The ATT effects for unemployed males (Table 7, Panel B) are higher than those for females, whereas for NEET models (Table 8) the ATTs are similar in magnitude for males and females. Note, however, that truancy also impacts indirectly via its effect on test scores and through the correlation in the unobservables. Nevertheless, it is still the case that the test score effect dominates the truancy effect in terms of labour market outcomes. Of course, this is not to deny that reducing truancy is important; reducing truancy is likely to improve test scores which in turn improves labour market prospects.

6 Conclusion

In this paper, we investigate the effects of test scores and truancy behaviour on the labour market outcomes of teenagers in England and Wales. We also investigate the interdependencies, and the direction of causation, between truancy behaviour and test score performance. This is because it may be that truancy has a direct effect on the risk of unemployment or NEET amongst young people as well as an indirect effect via the effect of truancy on test scores. Truancy could be regarded as a proxy for effort at school, and performance in tests, affects the subsequent transition from school, then all three behavioural outcomes (decisions) are jointly determined. Consequently, to capture this joint nature, a three-equation model was estimated in which we allow for correlation in the unobservables between the latent variable models for truancy, test scores, for the ordered categorical variables, and similarly for unemployment (or NEET), which is a binary variable. Several models are estimated which allow for different specifications of the relationships between the three outcome measures. To estimate our models, we use detailed pupil and school-level data from the Youth Cohort Studies (YCS), specifically YCS6 to YCS12, as well as school performance and school census data, which cover the period of the late 1990s and early 2000s.

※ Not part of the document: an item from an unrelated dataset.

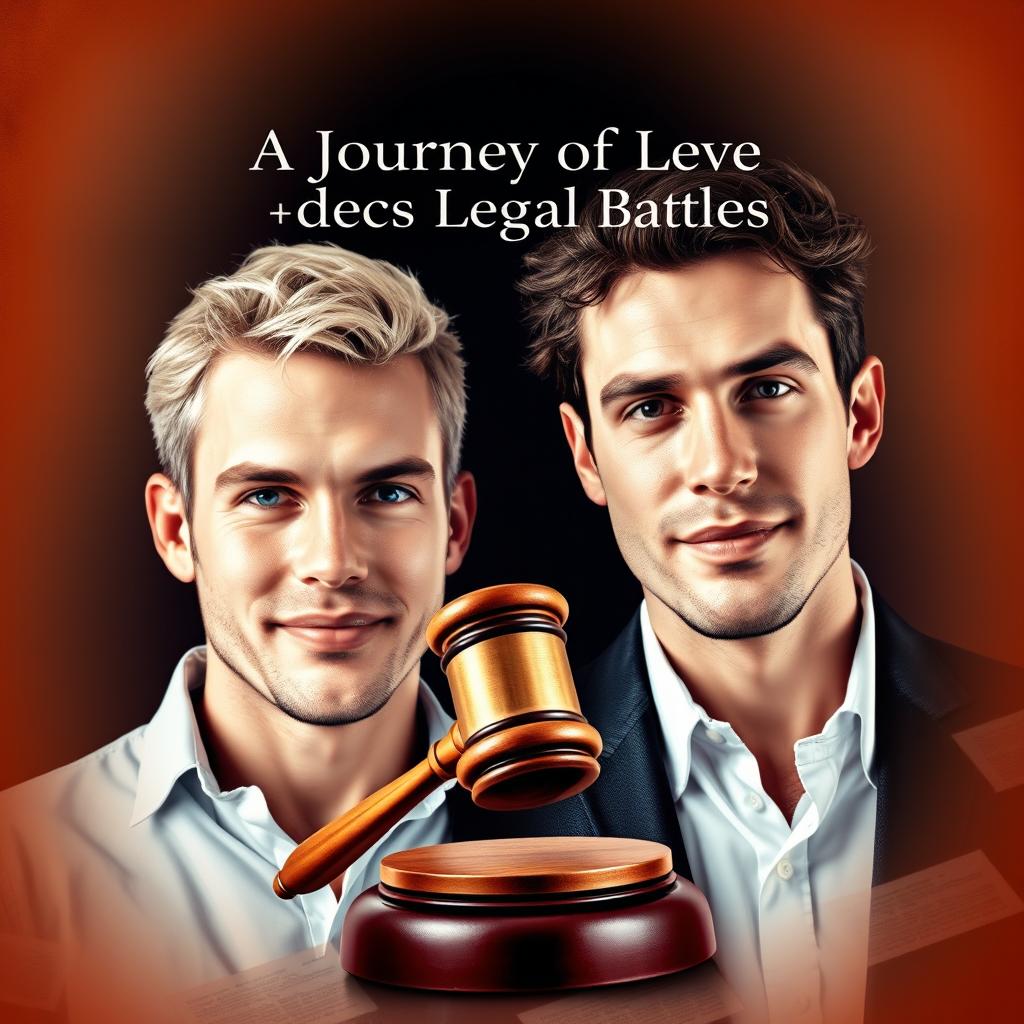 A visually compelling book cover design for 'A Journey of Love and Legal Battles'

The findings from our preferred model (Heterogeneous Model 1) suggest that truancy works through test scores (i.e. an indirect effect) with only a weak direct effect on labour market outcomes. However, truancy also has an unobserved effect on the risk of unemployment and the risk of NEET insofar as the correlation between latent variables for truancy and labour market outcomes are positive and statistically significant. Test scores have a direct effect on labour market outcomes, and through the estimation of ATTs, we show a good performance in high stakes tests (i.e. GCSEs) can mitigate the effect of truanting from school on labour market outcomes. Truancy need not be a significant problem for young people in terms of their post-school outcomes so long as this behaviour does not reduce test score performance. This makes sense insofar as employers observe test score performance in the job/training selection process whereas they are less likely to observe truancy behaviour.

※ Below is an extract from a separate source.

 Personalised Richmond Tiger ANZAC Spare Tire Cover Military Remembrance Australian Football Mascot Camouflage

The popular view that truancy is universally bad for young people is open to question according to our findings. The story is more complex and it is important to simultaneously track academic performance (an ‘intervening’ variable) rather than focus in on truancy per se. This is not to say that the government, schools, and parents should ignore truancy behaviour; it matters where test score performance will be adversely affected because this will lead to poor labour market outcomes. We also expect that the determinants of truancy behaviour and its effect on academic performance, and hence test scores, goes back further into the educational careers of young people than we are able to control for. Nevertheless, our analysis of the latter part of the educational process between ages 14–16 has helped to shed some light on the complex interaction between truancy behaviour, test score performance and early labour market outcomes.